- 1 pound spelt rigatoni
- 3 tablespoons unsalted butter
- 1 tablespoon extra-virgin olive oil
- 3 scallions, thinly sliced
- 2 leeks, white and light green parts only, thinly sliced
- 1 large shallot, thinly sliced
- Fine sea salt
- 2 tablespoons chopped sage
- 1 pound chicken livers—trimmed, patted dry and cut into 1/2-inch pieces
- 1/4 cup dry white wine
- 1 cup freshly grated Parmigiano-Reggiano cheese
- Lemon wedges, for serving
How to make this recipe
In a large pot of salted boiling water, cook the rigatoni until al dente, about 8 minutes. Drain, reserving 1/2 cup of the pasta water.
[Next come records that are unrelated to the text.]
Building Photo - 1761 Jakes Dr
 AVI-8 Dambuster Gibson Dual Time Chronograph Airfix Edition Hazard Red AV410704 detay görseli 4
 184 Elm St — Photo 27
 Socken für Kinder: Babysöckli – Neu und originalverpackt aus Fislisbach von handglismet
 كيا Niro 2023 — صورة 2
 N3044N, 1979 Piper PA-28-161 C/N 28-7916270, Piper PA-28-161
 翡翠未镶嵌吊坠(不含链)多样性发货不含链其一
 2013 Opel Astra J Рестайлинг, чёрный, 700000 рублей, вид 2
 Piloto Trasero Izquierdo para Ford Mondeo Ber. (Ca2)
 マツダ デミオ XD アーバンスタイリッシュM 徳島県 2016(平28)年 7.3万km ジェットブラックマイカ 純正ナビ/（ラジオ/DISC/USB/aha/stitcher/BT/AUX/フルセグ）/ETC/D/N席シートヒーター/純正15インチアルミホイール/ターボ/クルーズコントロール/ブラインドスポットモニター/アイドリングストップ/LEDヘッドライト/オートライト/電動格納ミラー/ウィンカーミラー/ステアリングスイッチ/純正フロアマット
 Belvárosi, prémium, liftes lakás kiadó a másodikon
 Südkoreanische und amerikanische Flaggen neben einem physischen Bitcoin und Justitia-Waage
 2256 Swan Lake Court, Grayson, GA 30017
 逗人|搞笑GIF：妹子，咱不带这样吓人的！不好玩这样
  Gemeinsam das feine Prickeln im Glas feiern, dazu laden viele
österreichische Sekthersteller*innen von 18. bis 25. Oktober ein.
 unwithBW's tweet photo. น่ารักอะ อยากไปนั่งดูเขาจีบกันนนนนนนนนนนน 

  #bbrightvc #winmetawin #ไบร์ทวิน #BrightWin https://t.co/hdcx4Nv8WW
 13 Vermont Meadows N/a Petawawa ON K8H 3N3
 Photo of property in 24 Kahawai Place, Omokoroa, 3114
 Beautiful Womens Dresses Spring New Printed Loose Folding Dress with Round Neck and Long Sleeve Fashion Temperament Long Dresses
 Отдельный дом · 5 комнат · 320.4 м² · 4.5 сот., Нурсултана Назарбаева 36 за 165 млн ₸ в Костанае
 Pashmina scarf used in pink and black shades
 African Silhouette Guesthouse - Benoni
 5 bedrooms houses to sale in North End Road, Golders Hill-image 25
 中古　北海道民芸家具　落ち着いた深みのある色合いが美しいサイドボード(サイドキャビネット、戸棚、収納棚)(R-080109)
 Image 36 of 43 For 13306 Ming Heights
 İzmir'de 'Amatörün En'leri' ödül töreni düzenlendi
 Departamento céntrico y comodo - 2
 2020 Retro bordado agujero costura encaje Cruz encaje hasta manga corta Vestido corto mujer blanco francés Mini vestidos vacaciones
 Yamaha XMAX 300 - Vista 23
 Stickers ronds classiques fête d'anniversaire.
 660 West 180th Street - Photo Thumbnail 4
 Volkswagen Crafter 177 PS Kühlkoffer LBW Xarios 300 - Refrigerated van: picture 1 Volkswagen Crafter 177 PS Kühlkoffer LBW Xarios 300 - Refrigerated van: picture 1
Meanwhile, in a large, deep skillet, melt 2 tablespoons of the butter in the olive oil. Add the scallions, leeks and shallot and season with salt and pepper. Cook over moderate heat, stirring occasionally, until softened, about 8 minutes. Stir in the sage.
Increase the heat to high. Season the livers with salt and pepper and add them to the skillet. Cook, stirring occasionally, until golden all over, about 2 minutes. Add the wine and cook until evaporated, 1 minute.
Add the pasta, 1/4 cup of the reserved pasta water, 1/2 cup of the cheese and the remaining 1 tablespoon of butter to the livers and season with salt and pepper. Remove the skillet from the heat and toss the pasta. Add the remaining pasta water if necessary. Transfer the pasta to plates, top with the remaining 1/2 cup of cheese and serve with lemon wedges.
Earthy chicken livers are fantastic with a minerally, fruit-forward red wine like Nerello Mascalese from Sicily’s Mount Etna.